(Activity)
Word for word, restate the entries below from their first line through the line that contains "Medium sized mediterranean".

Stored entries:
□ □ □ □ □ □ □

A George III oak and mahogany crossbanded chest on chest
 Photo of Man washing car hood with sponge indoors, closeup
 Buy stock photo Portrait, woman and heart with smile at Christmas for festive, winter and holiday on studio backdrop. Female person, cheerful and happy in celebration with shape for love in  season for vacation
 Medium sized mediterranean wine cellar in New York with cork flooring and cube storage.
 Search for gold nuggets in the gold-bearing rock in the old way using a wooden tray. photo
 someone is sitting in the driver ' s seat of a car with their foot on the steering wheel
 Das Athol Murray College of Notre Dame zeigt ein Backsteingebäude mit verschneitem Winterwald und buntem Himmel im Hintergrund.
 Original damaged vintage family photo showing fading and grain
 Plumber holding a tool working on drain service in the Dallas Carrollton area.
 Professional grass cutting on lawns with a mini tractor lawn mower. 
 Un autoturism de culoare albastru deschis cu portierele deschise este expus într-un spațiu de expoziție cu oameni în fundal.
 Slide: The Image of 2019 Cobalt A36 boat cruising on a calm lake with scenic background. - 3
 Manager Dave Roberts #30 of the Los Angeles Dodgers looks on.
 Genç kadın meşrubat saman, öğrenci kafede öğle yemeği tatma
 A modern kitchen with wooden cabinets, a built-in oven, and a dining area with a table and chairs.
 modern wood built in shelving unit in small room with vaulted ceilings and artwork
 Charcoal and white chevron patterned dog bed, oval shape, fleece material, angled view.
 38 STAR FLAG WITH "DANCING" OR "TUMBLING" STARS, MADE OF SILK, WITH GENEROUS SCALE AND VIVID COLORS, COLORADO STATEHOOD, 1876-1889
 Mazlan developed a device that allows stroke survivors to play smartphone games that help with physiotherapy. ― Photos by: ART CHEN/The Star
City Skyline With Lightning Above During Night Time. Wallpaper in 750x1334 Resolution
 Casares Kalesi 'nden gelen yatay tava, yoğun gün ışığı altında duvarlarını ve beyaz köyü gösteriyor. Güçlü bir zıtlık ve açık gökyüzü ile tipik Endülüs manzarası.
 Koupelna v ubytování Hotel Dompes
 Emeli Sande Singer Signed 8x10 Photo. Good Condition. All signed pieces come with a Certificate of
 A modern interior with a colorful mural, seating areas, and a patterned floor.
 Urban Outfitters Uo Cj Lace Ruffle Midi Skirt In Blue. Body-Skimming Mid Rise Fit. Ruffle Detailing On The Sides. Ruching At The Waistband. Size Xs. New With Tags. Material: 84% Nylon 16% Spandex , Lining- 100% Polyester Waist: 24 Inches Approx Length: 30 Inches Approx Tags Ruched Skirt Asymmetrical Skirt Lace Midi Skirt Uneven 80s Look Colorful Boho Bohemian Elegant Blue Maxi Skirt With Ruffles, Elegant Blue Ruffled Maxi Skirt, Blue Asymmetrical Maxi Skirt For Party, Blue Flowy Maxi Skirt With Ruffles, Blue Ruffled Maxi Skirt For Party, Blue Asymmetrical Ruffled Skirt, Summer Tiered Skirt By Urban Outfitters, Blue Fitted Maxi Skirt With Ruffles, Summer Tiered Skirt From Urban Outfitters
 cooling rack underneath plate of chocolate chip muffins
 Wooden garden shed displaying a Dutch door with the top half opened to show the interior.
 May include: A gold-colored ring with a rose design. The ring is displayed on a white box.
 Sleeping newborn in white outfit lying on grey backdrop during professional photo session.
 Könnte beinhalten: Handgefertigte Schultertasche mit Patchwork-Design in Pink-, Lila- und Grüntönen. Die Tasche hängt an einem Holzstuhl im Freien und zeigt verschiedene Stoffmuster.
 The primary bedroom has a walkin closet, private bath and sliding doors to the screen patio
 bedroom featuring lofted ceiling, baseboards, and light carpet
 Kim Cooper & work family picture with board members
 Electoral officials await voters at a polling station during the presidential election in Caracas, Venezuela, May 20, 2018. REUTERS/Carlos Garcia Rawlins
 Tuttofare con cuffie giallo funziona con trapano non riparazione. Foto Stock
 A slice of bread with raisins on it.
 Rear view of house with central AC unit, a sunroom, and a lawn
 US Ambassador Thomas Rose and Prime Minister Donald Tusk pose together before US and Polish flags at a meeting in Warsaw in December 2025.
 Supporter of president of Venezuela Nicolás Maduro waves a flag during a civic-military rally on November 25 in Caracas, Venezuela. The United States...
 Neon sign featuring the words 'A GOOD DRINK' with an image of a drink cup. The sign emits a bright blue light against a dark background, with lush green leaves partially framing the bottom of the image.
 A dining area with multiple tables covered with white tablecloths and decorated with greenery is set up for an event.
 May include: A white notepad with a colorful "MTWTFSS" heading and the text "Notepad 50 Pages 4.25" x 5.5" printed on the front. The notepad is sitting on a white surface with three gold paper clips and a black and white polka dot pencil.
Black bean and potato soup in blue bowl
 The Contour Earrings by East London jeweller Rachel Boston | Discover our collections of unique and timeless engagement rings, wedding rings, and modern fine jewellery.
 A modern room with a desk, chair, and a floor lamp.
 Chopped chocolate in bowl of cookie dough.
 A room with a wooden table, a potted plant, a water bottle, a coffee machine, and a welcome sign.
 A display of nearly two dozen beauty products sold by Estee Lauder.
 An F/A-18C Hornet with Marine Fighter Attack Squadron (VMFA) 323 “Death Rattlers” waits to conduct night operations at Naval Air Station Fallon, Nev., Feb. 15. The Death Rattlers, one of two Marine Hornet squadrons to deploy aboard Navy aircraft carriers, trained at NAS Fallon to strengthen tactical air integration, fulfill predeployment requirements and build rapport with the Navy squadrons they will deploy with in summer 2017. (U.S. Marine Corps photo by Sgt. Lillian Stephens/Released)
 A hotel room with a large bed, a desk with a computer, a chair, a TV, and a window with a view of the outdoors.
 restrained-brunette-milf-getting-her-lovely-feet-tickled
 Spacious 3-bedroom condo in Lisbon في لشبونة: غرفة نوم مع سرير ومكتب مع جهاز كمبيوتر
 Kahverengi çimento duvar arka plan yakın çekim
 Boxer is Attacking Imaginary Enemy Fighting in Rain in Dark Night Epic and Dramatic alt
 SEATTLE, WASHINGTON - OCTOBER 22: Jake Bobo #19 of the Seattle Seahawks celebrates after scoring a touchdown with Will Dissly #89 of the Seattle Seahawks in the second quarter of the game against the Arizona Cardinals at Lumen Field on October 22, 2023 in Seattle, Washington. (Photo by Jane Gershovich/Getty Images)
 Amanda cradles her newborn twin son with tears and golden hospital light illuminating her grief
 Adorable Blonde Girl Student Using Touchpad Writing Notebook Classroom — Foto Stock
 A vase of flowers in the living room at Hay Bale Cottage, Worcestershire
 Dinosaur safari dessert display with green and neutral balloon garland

□ □ □ □ □ □ □

(Solution to this exercise)
A George III oak and mahogany crossbanded chest on chest
 Photo of Man washing car hood with sponge indoors, closeup
 Buy stock photo Portrait, woman and heart with smile at Christmas for festive, winter and holiday on studio backdrop. Female person, cheerful and happy in celebration with shape for love in  season for vacation
 Medium sized mediterranean wine cellar in New York with cork flooring and cube storage.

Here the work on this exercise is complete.